Available data:
__________
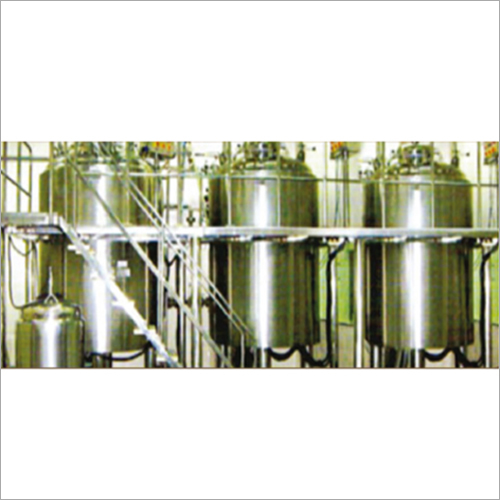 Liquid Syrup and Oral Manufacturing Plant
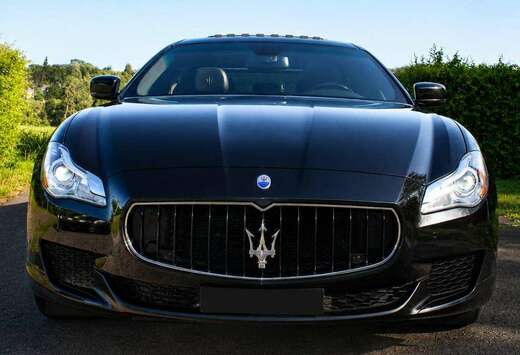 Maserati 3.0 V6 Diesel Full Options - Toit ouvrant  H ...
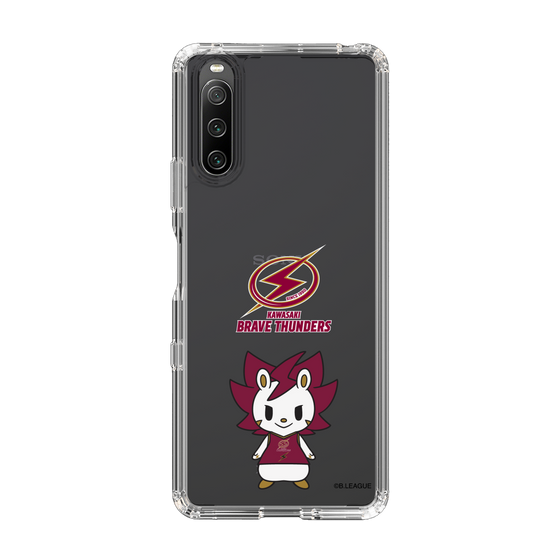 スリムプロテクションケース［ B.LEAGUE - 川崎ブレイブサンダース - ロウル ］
__________
Assignment: With the pictures left out, transcribe the material exactly.

Reply to the task:
 Liquid Syrup and Oral Manufacturing Plant
 Maserati 3.0 V6 Diesel Full Options - Toit ouvrant  H ...
 スリムプロテクションケース［ B.LEAGUE - 川崎ブレイブサンダース - ロウル ］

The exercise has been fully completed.